Tips for Driving in the Snow
Be Safe while Driving in Snow
Driving any time requires a great deal of skill and caution. That goes double when you are forced to drive in snowy conditions. When you have to drive on roads that can more easily cause you to loose control of your car, it pays to be extra cautious. Here are some of the most important tips for driving in the snow.
The faster you drive, the harder it is to maintain control of your car. This goes doubly on roads that are slick with snow. Always go at least 20% slower than the posted speed limit and make sure to go even more slowly around corners. When slowing down, brake gently. Pushing hard on the brakes increases your odds of skidding. Switch to lower gears to maintain traction and avoid using cruise control.

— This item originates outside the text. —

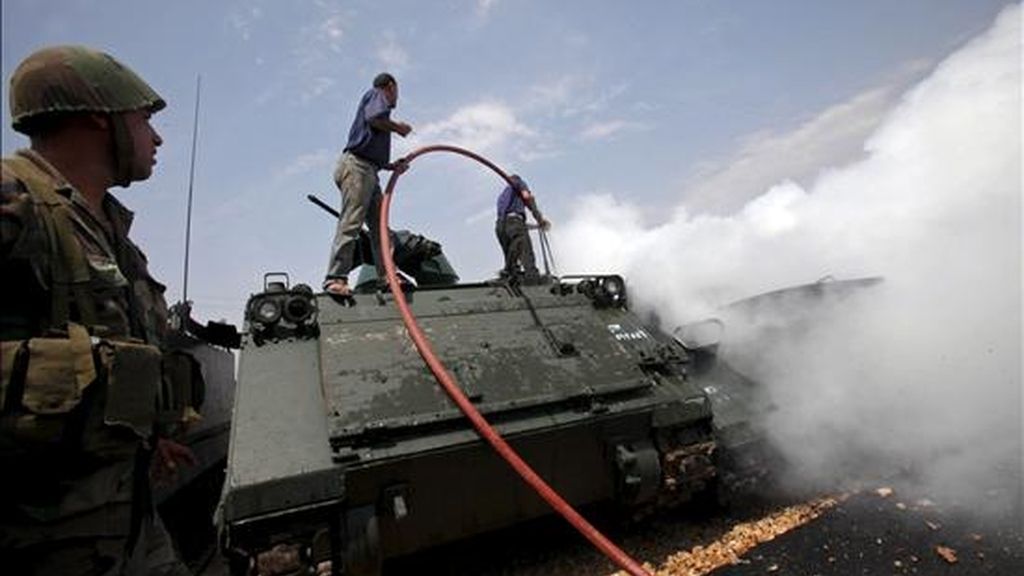 Varias personas apagando el incendio de un vehículo acorazado del Ejército libanés en la base militar de Taibeh, en el Líbano, este martes. EFE Varias personas apagando el incendio de un vehículo acorazado del Ejército libanés en la base militar de Taibeh, en el Líbano, este martes. EFE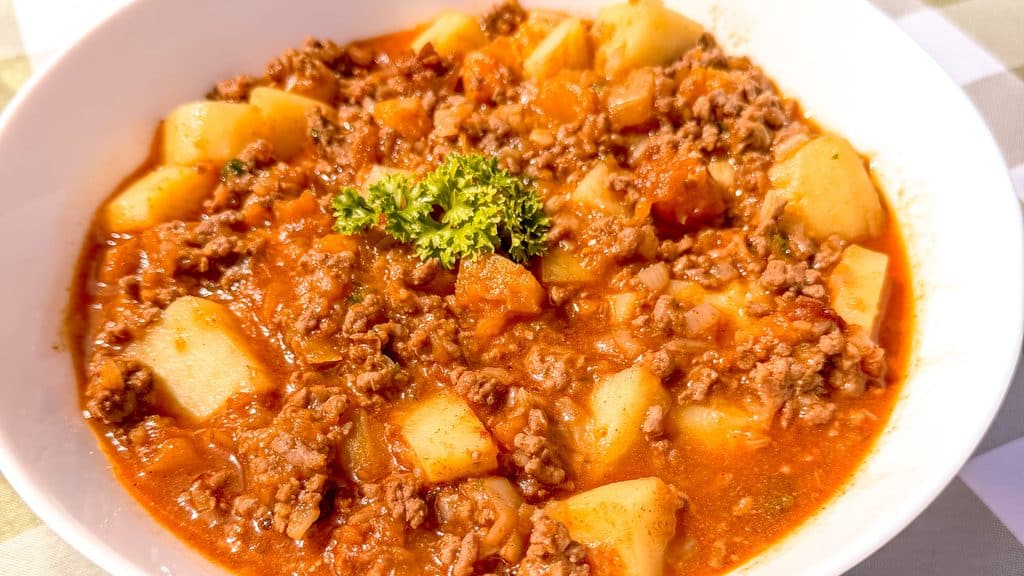 ground beef stew with butternut squash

Visibility usually decreases in snowy conditions, so it's imperative that you stay focused on the road and any obstacles that you might encounter. Additionally, you should make efforts to make your car more visible by keeping your headlights on.
The most common type of accident is the "rear end collision," where one car crashes into the back of another. These accidents increase several fold when driving in snow because it becomes much easier to slide into other cars. The only defense against these sorts of accidents is to keep plenty of space in between you and the car in front of you. Ideally, you should give yourself at least five seconds of "stopping time" to ensure you don't get in an accident.
One of the greatest dangers of driving in the snow is that the risk of skidding and loosing control of your car is much greater. Should you ever find yourself in a skid, take your foot off of the accelerator and turn your tires into the direction of the skid. If you have an older car with standard brakes, pump them gently. If you have a newer car with an Anti-lock braking system, apply steady pressure to the brakes. You should feel them rapidly pulsing, which will help you slow down without skidding.